### TASK STATEMENT
Start to finish, print the data below exactly, without the images.

### INPUT DATA
####
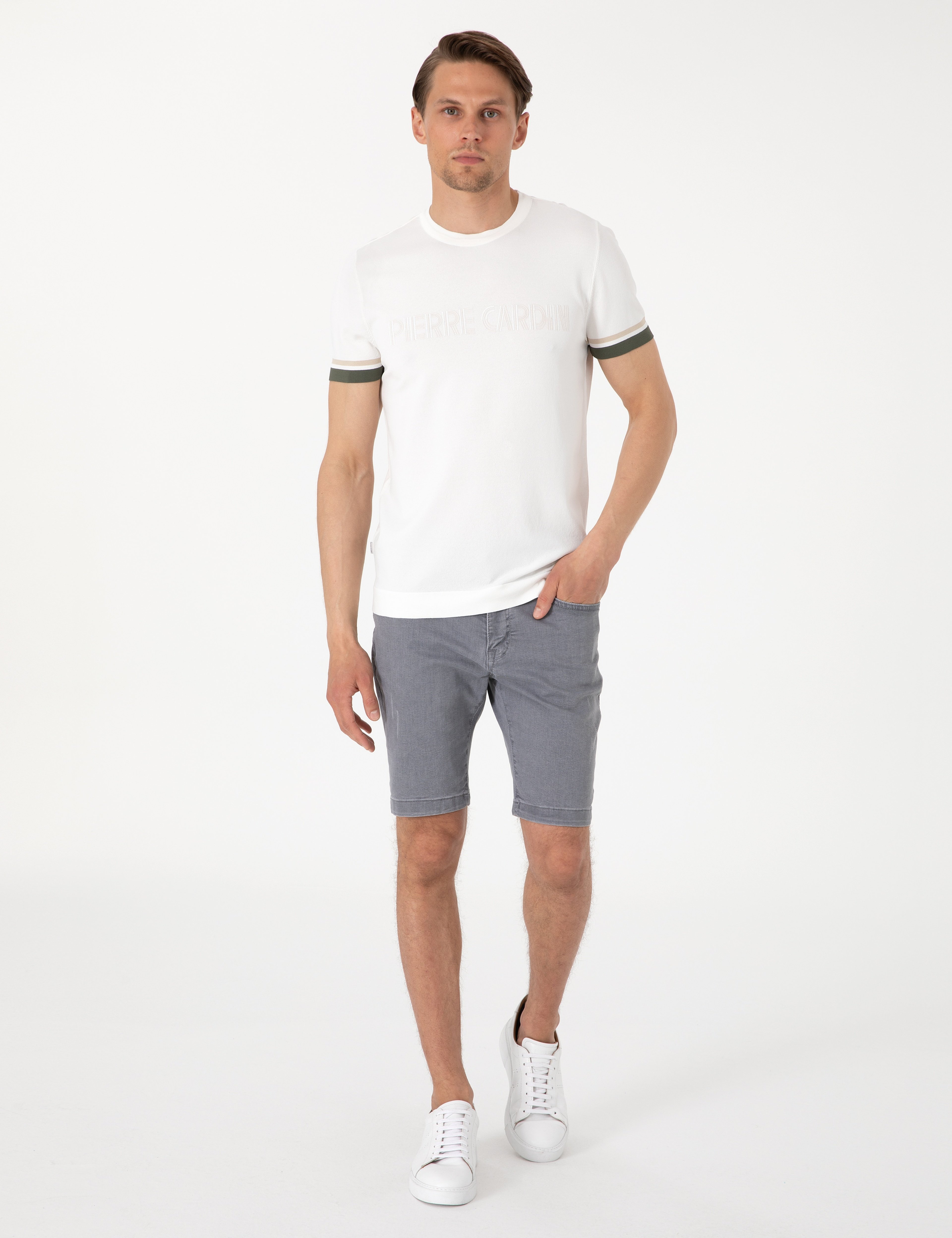 Ekru Slim Fit Bisiklet Yaka Triko Tişört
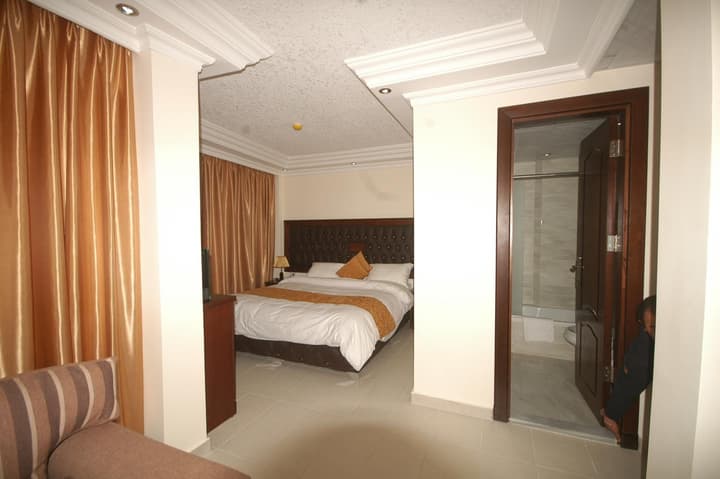 Sharah Mountains Hotel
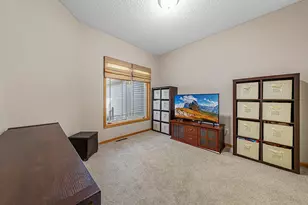 2713 Village Dr, Faribault, MN 55021 - Photo 16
####
### SOLUTION TO THIS PROBLEM
 Ekru Slim Fit Bisiklet Yaka Triko Tişört
 Sharah Mountains Hotel
 2713 Village Dr, Faribault, MN 55021 - Photo 16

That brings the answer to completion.